What the task requires
Beginning at the top of the entries below, retype each line exactly until the line containing "Light Crystal Brown ||" has been written out; include no pictures and no later lines.

*** Supplied information ***

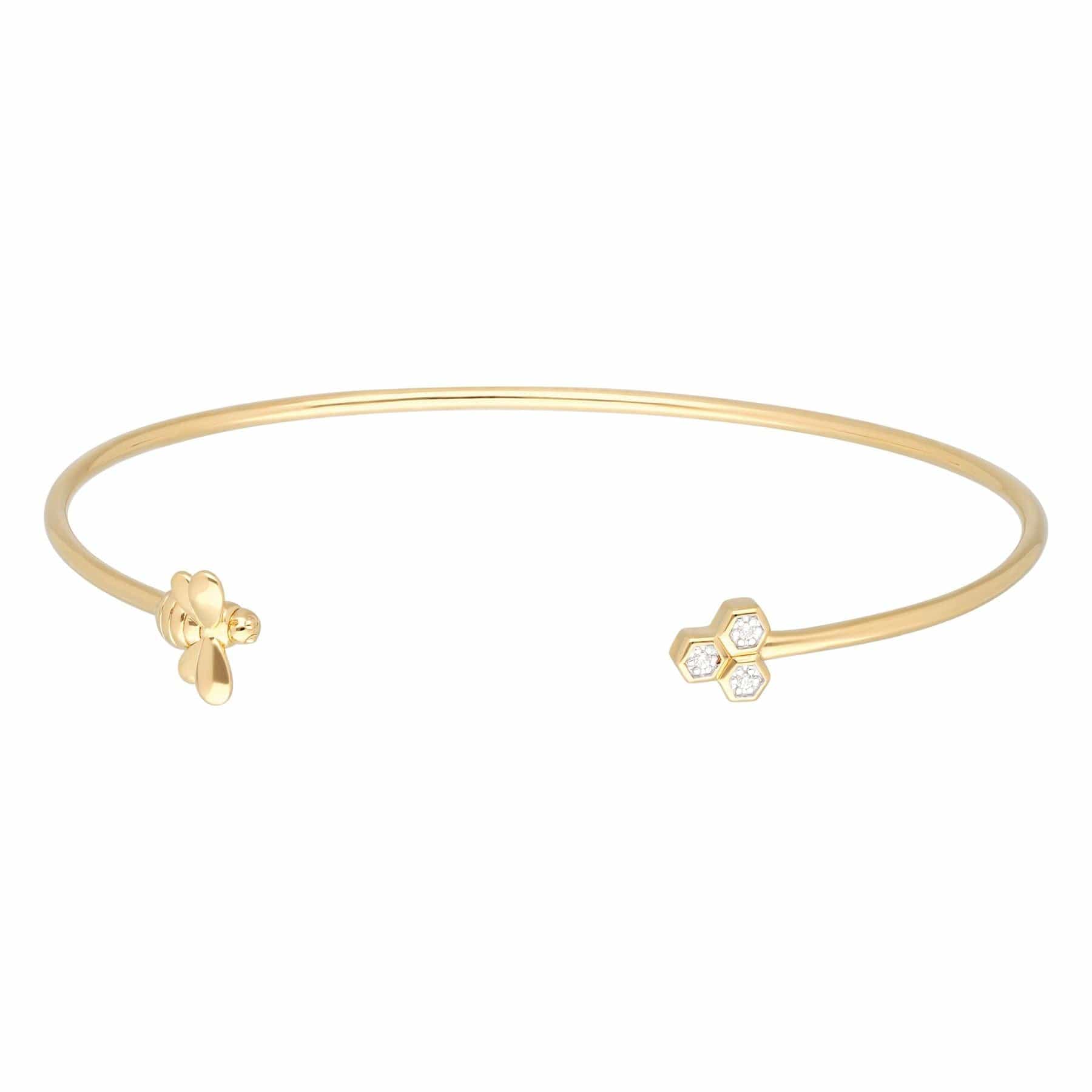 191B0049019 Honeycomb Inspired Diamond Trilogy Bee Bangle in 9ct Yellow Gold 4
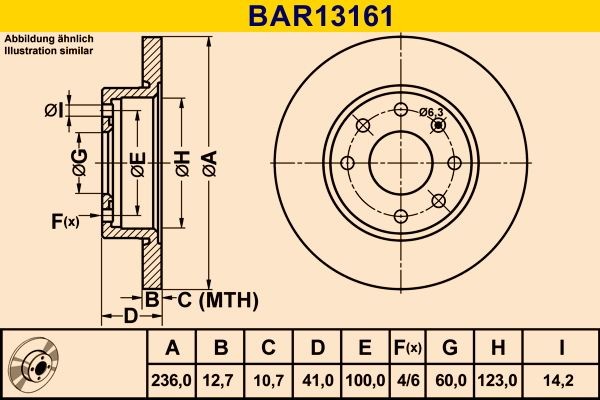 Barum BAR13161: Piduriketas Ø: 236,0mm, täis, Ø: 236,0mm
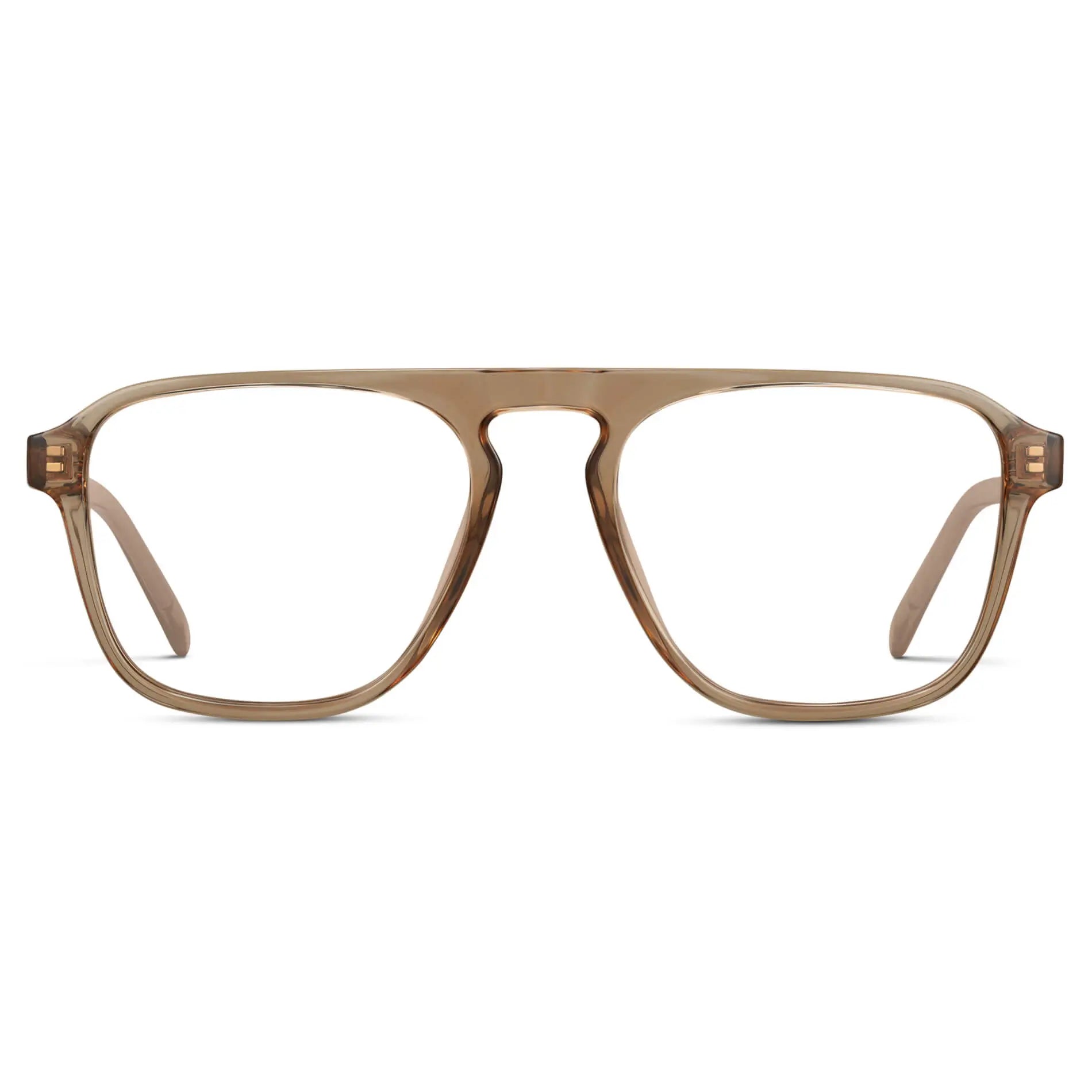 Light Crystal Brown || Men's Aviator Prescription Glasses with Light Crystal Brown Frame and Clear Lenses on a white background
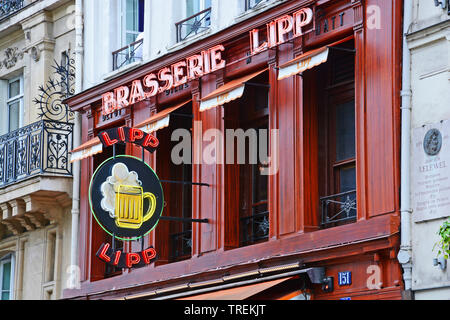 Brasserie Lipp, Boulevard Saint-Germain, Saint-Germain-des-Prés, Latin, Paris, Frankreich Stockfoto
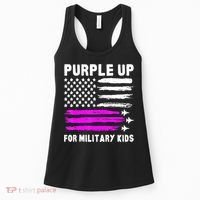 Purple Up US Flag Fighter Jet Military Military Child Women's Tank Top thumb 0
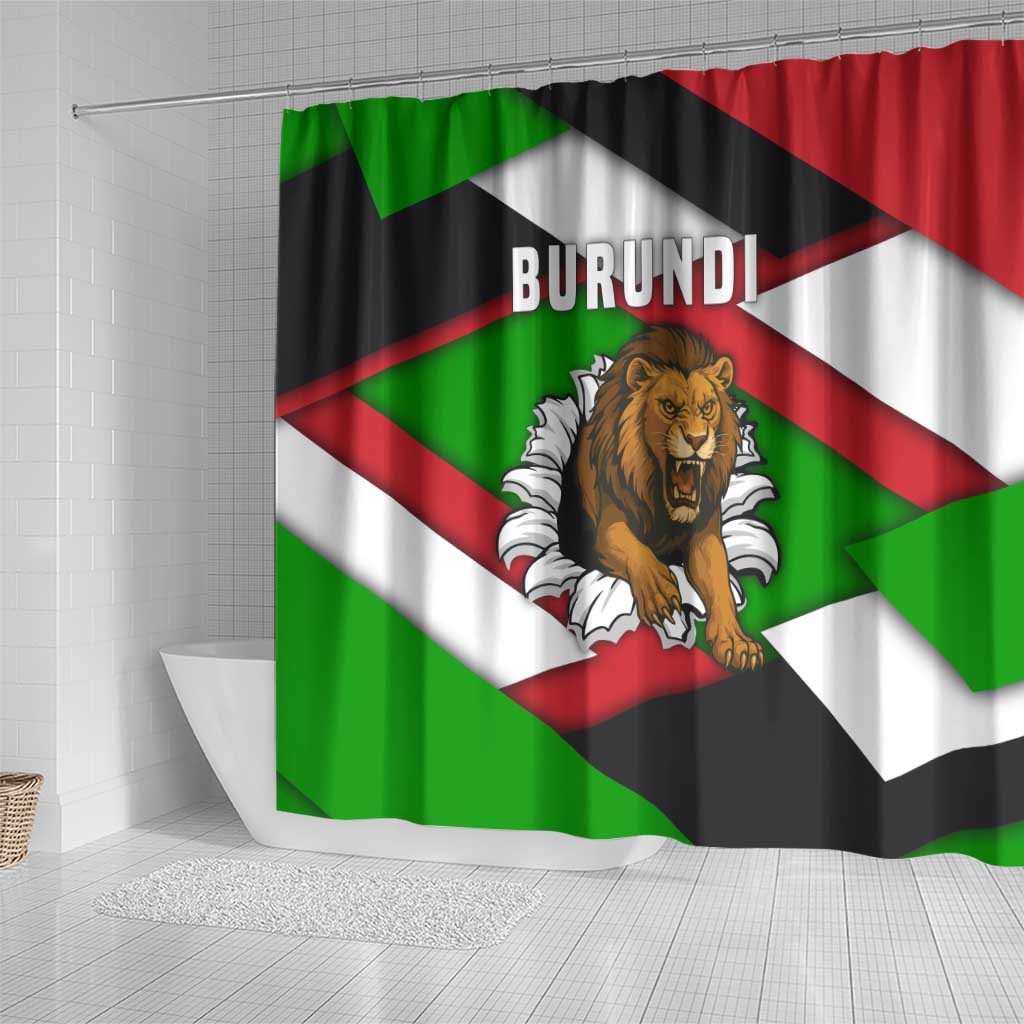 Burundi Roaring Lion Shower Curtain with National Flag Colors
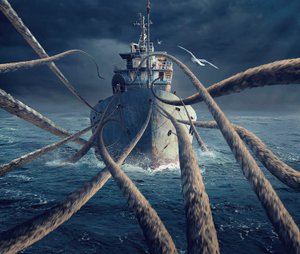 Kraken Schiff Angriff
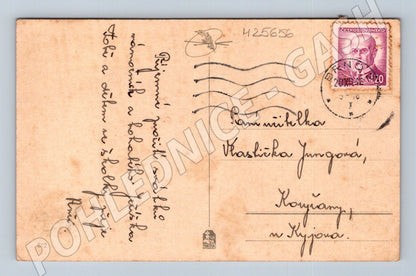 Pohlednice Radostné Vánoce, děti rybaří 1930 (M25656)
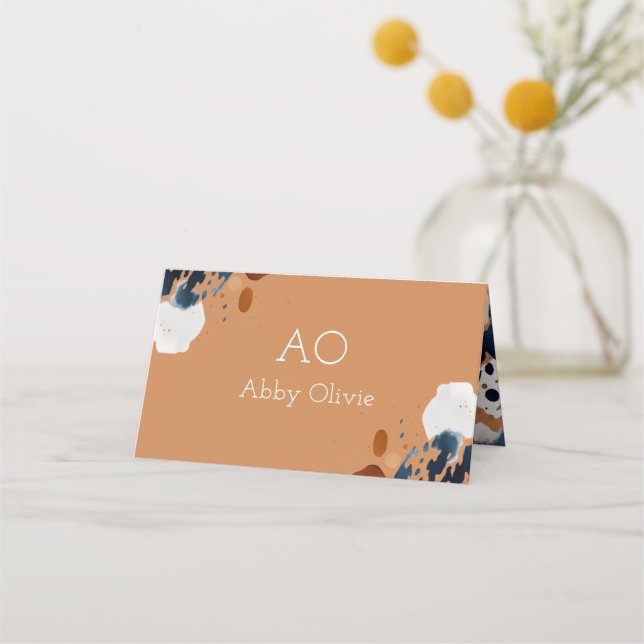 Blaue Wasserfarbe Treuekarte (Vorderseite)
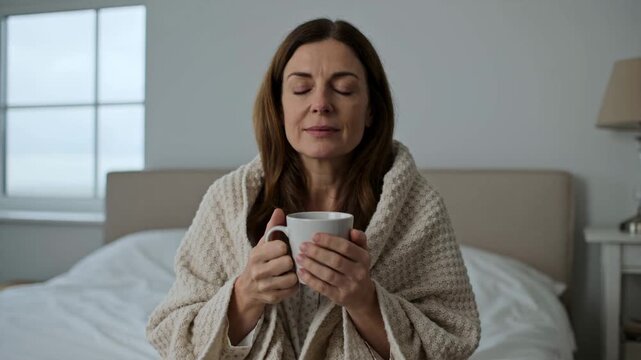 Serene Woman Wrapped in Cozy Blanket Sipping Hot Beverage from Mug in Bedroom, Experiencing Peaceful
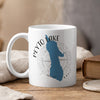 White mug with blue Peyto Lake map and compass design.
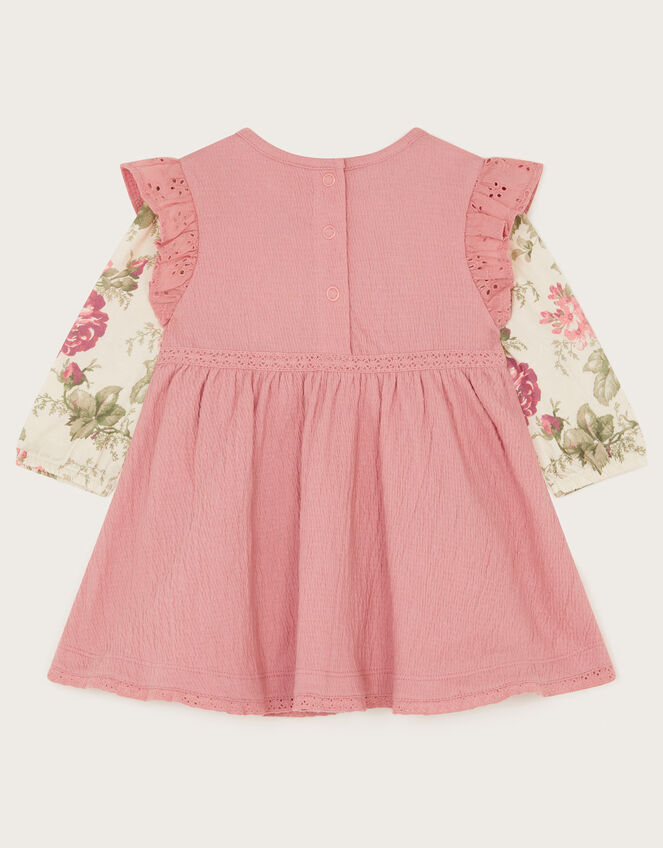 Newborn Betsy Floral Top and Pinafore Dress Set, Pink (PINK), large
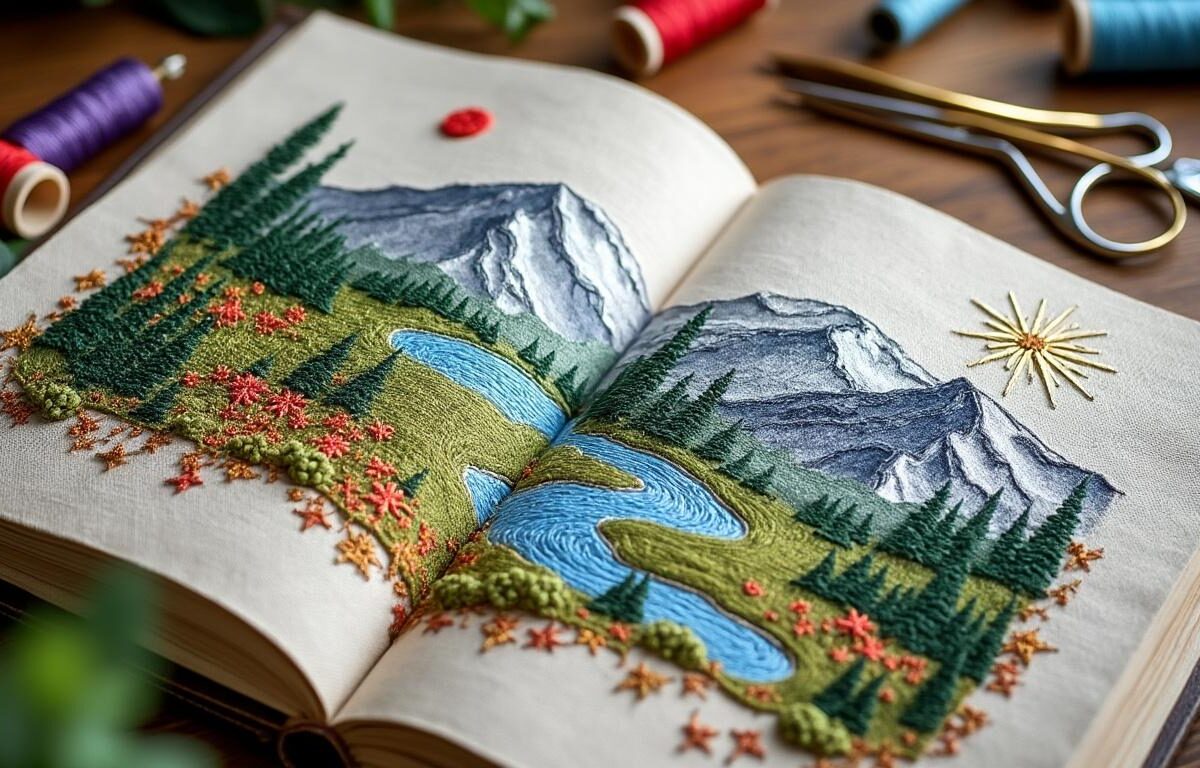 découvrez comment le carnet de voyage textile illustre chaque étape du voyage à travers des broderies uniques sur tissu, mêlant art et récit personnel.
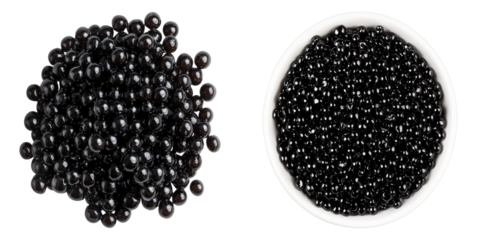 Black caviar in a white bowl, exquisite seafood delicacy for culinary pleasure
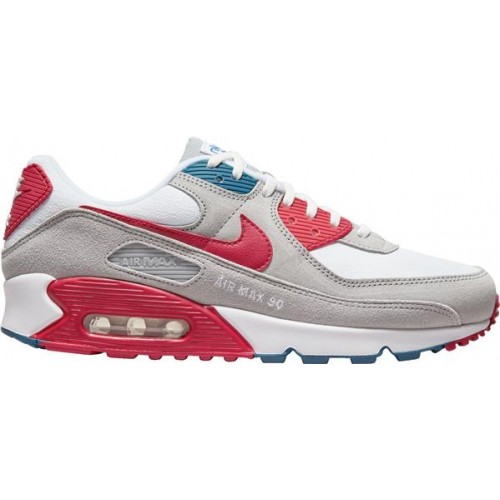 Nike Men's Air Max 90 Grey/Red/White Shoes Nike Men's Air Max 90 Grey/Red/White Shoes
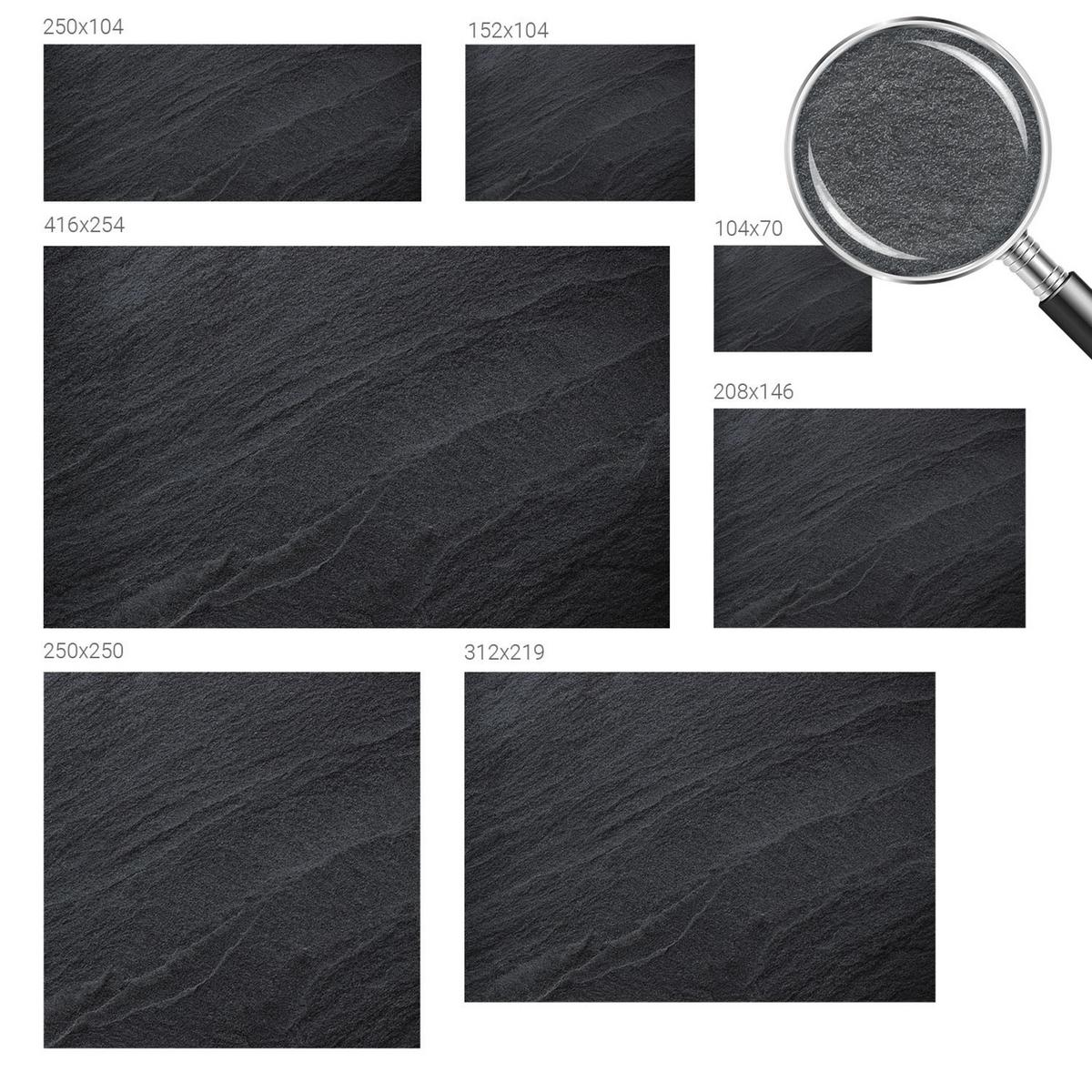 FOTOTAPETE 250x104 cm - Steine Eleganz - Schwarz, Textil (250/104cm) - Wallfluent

*** End of Supplied information ***

Completed task
 191B0049019 Honeycomb Inspired Diamond Trilogy Bee Bangle in 9ct Yellow Gold 4
 Barum BAR13161: Piduriketas Ø: 236,0mm, täis, Ø: 236,0mm
 Light Crystal Brown || Men's Aviator Prescription Glasses with Light Crystal Brown Frame and Clear Lenses on a white background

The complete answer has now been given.